(Beginning of PROVIDED DATA)

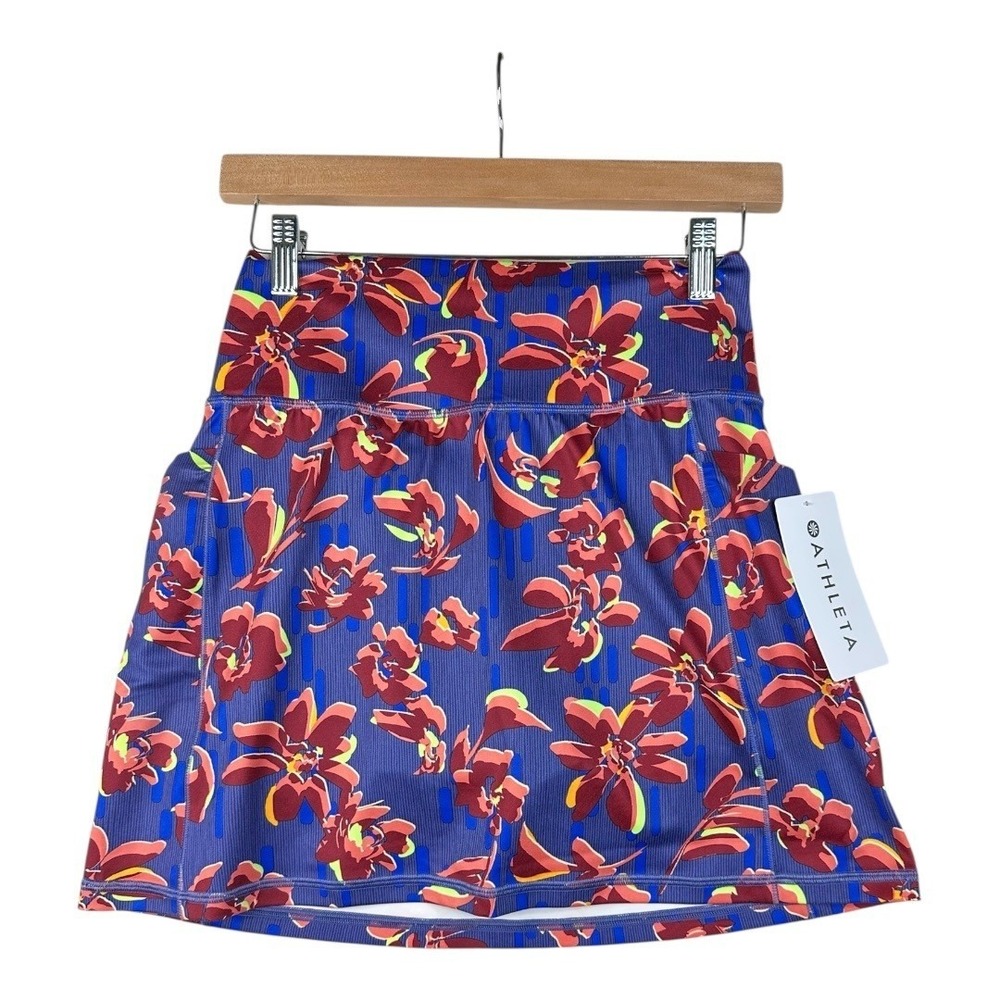 New Athleta Salutation Stash 16.5" Floral Print Skort size XS Blue/Red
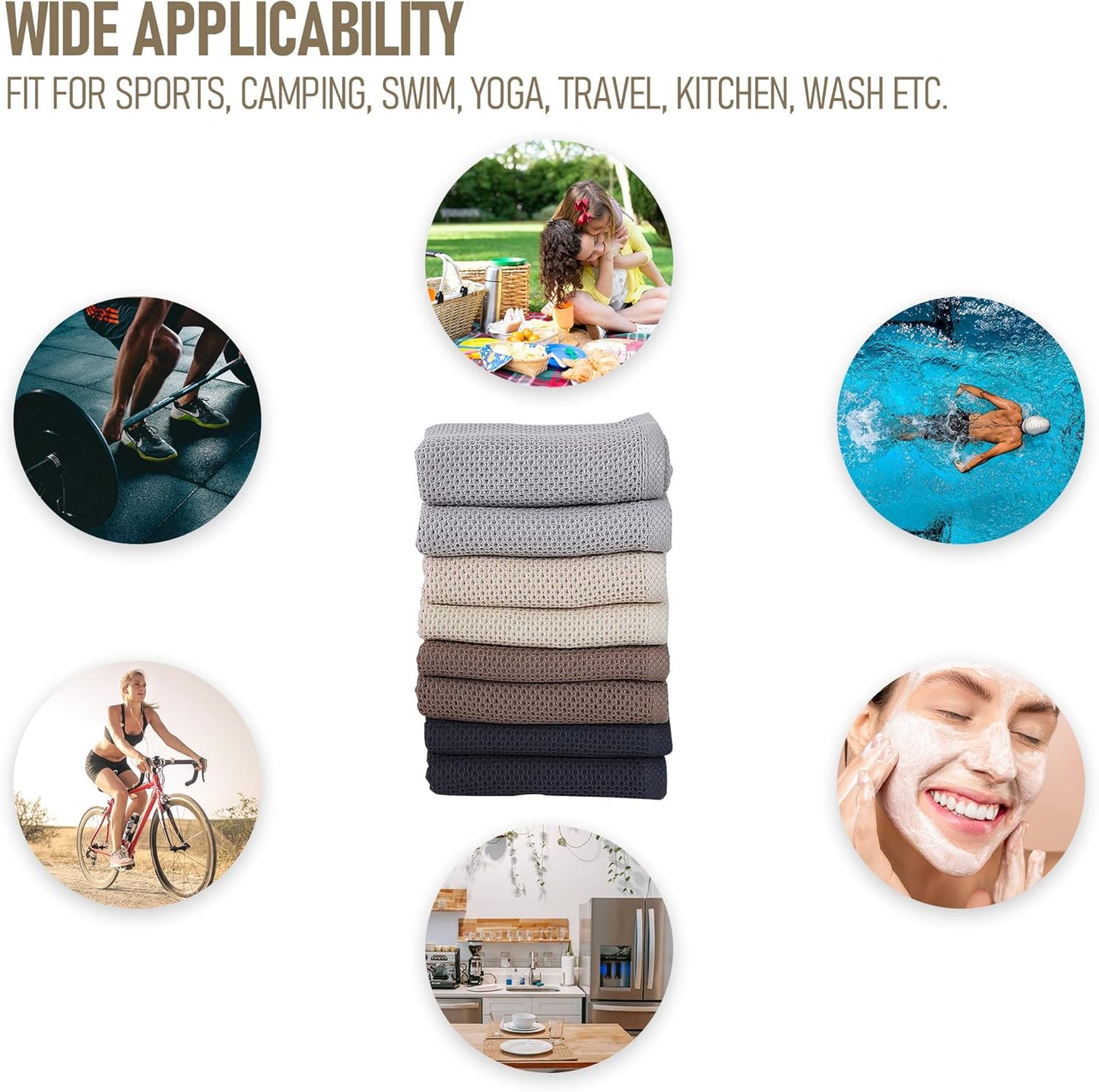 8 Pack Cotton Sports Towel(13.7" x 27.5"), Gym Travel Towel, Cool Waffle Pattern Towel for Neck and Face, Soft Breathable Cold Towel for Yoga, Golf, Gym, Camping, Running, Workout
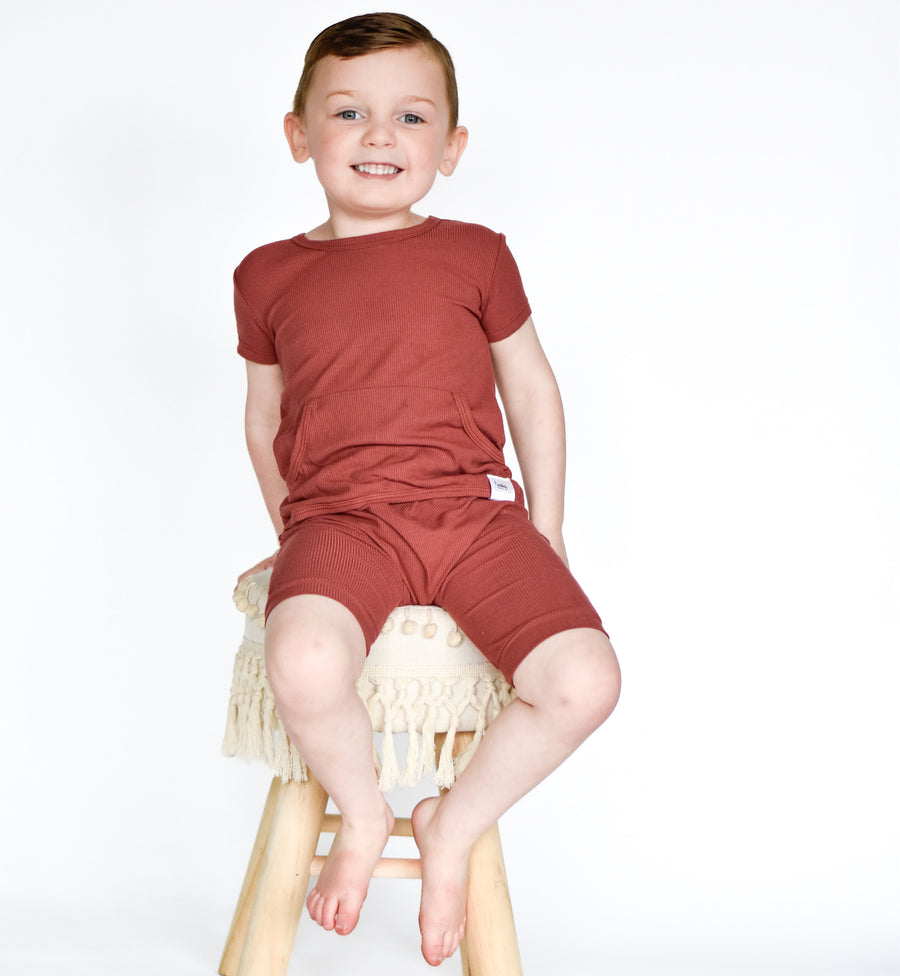 Front Opening Shortie Romper in Memphis Rust | Bamboo Viscose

(End of PROVIDED DATA)

▶ **WORK TO BE COMPLETED**
A verbatim copy of the data, with all pictures omitted, is the required output.

▶ **RESPONSE AREA**
 New Athleta Salutation Stash 16.5" Floral Print Skort size XS Blue/Red
 8 Pack Cotton Sports Towel(13.7" x 27.5"), Gym Travel Towel, Cool Waffle Pattern Towel for Neck and Face, Soft Breathable Cold Towel for Yoga, Golf, Gym, Camping, Running, Workout
 Front Opening Shortie Romper in Memphis Rust | Bamboo Viscose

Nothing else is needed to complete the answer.